But only birds and people sing.
All other animals simply make noises.
But people can do what birds cannot.
They can also make music out of things.
Have you ever made a cigar-box fiddle or a pin piano or musical glasses?
In the long-ago story-book times Apollo took a pair of cow-horns and fastened between them seven strings made from the cow’s skin. This was called a lyre. These strings he picked with his fingers or with a quill, making a little tinkling sound that could hardly have been very beautiful. Yet Apollo’s son Orpheus is said to have learned from his father to play so beautifully on the lyre that the birds and wild beasts and even trees and rocks gathered round to hear him.
Pan, the god of the woods, who had goat’s horns and ears and legs and feet, tied together several whistles of different lengths and played on these as you might on a mouth-organ. This instrument was called Pan’s pipes.

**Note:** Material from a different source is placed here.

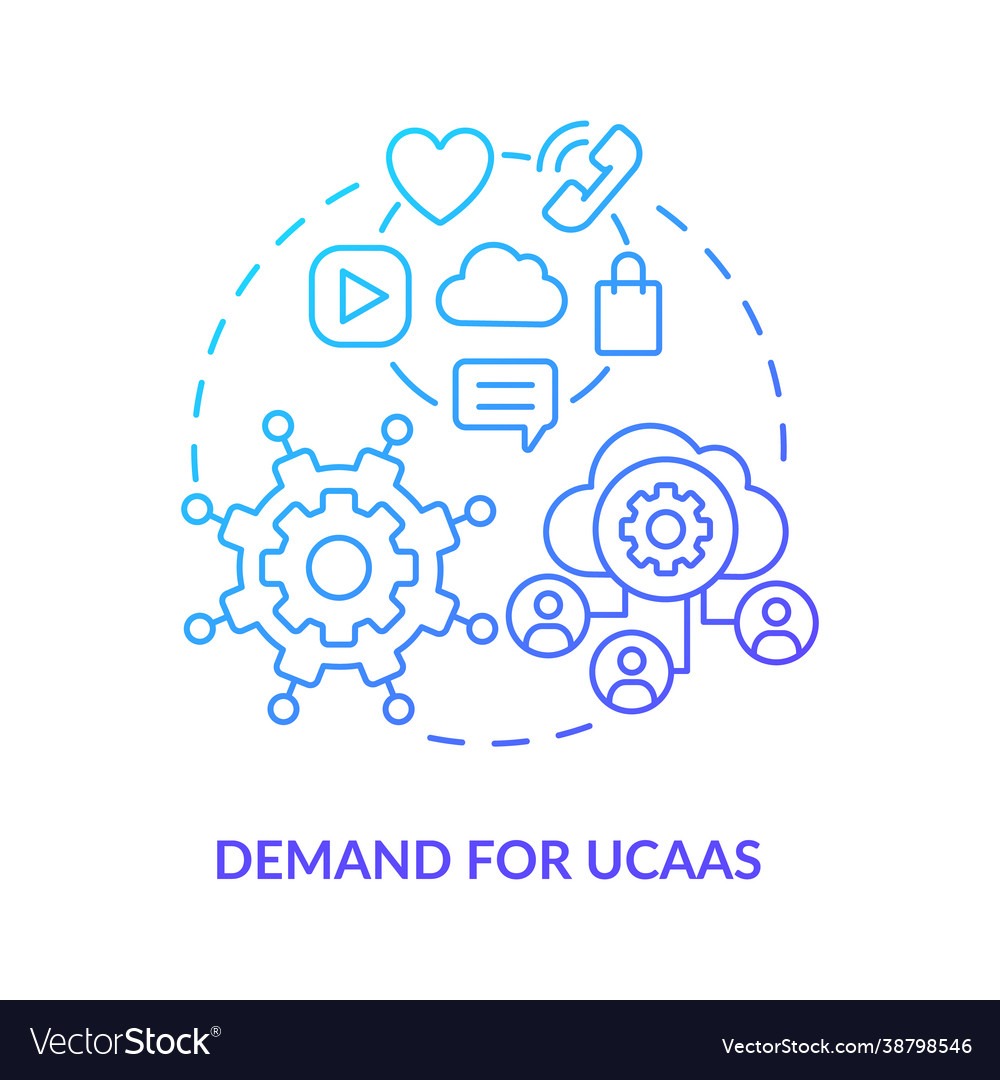 Demand for ucaas blue gradient concept icon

The lyre and Pan’s pipes were the two earliest musical instruments. The first was a stringed instrument; the second a wind instrument. The long strings and long pipes made low notes; the short strings and short pipes made high tones.
From Apollo’s lyre we get the piano with its many, many strings. Did you ever look at the inside of a piano and see the many strings of different lengths? They are, however, not picked as the strings of a lyre or harp are picked, but hammered by little felt-covered blocks as you touch the keys.

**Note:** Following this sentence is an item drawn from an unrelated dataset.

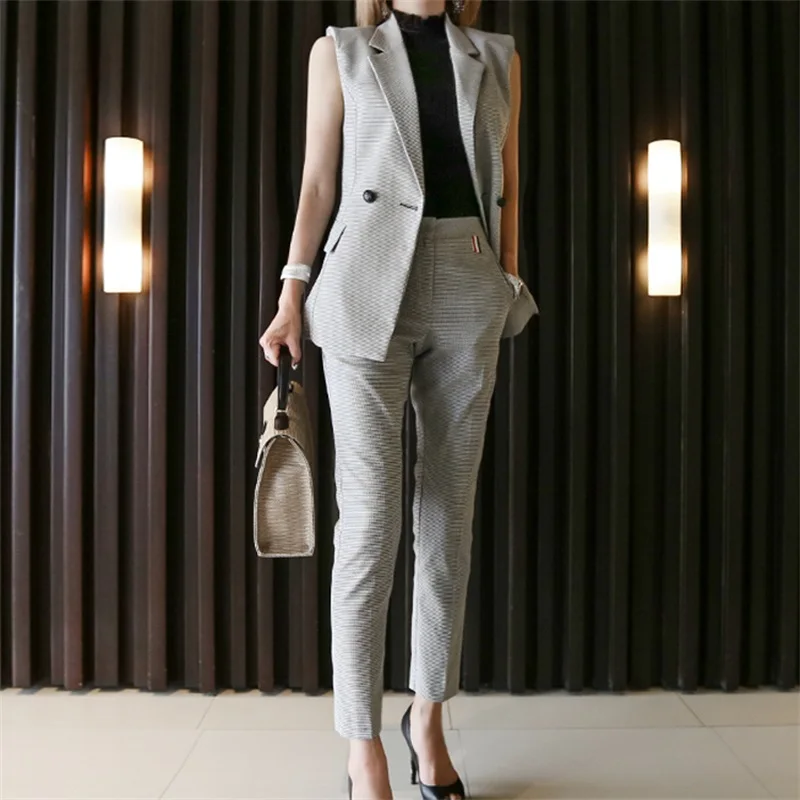 Elegant Female Sets Outfits Spring Autumn Slim Plaid Vest and Pant 2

From Pan’s pipes we get the great church organ with its pipes like giant whistles. You don’t, of course, blow the pipes with your mouth as you do a whistle. The pipes are so big you must blow them with a machine like a tire-pump, and you do this as you touch the keys.

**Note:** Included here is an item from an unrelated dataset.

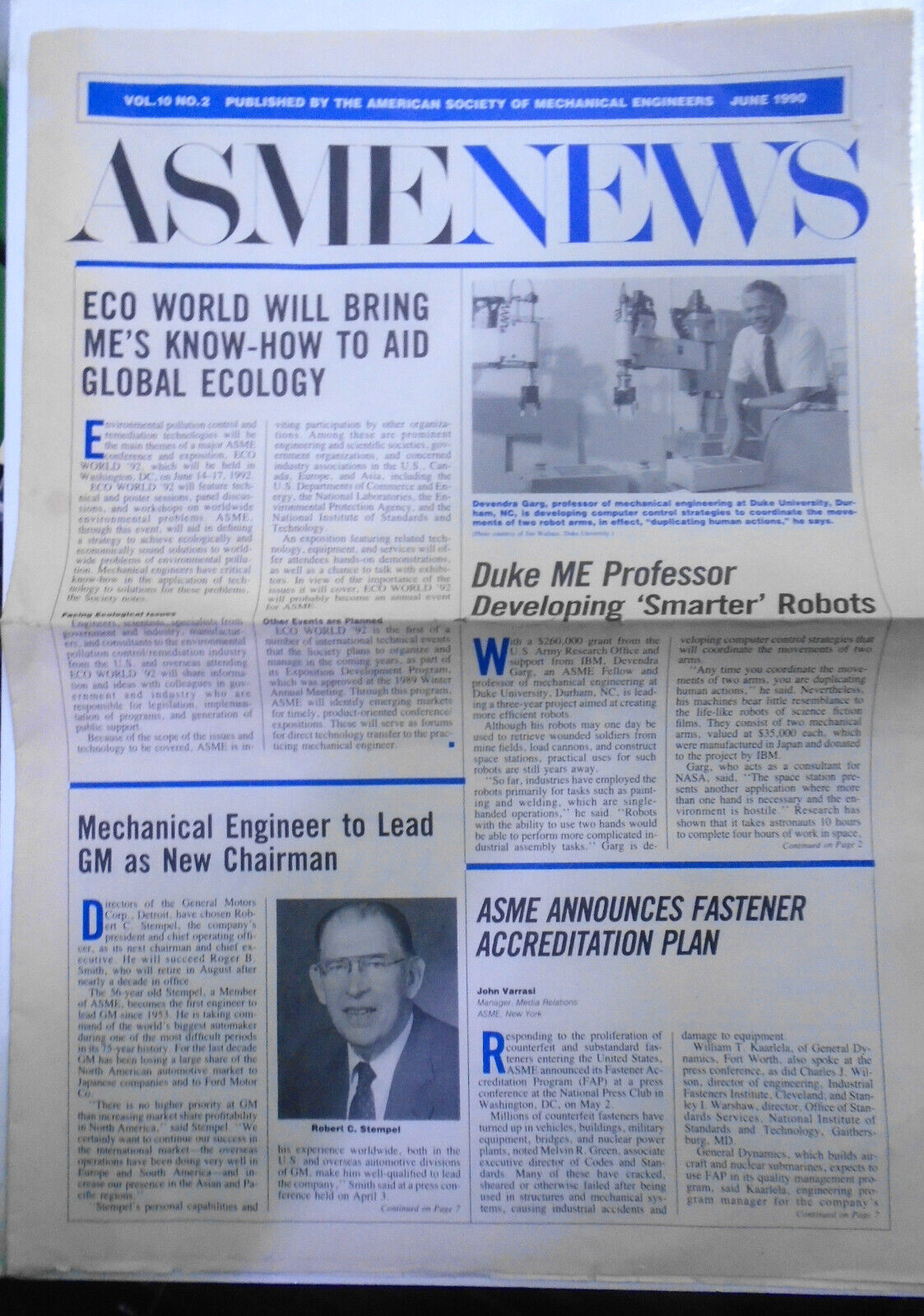 ASME News, June 1990 - By American Society of Mechanical Engineers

We know what the instruments in olden times were like, but we don’t know what the music that people made was really like; there were no phonographs to bottle up the sounds and, when uncorked a thousand years later, to pour forth the old notes once again. The music went off into thin air and was lost.
It was not until about the Year 1000 A.D. that music could even be written down. Before then all music was played “by ear,” for there was no written music. A Benedictine monk named Guy, or, in Italian, Guido, thought of a way to write down musical notes, and he named the notes do, re, mi, fa, and so on. These were the first letters of the words of a hymn to St. John which the monks sang like the scale.
Another Italian is sometimes called the “father of modern music.” His name is Palestrina, and he died about 1600. He set the church service to music, and the pope ordered all churches to follow it, but the people didn’t like his music very much; that is, it was not what we call “popular.”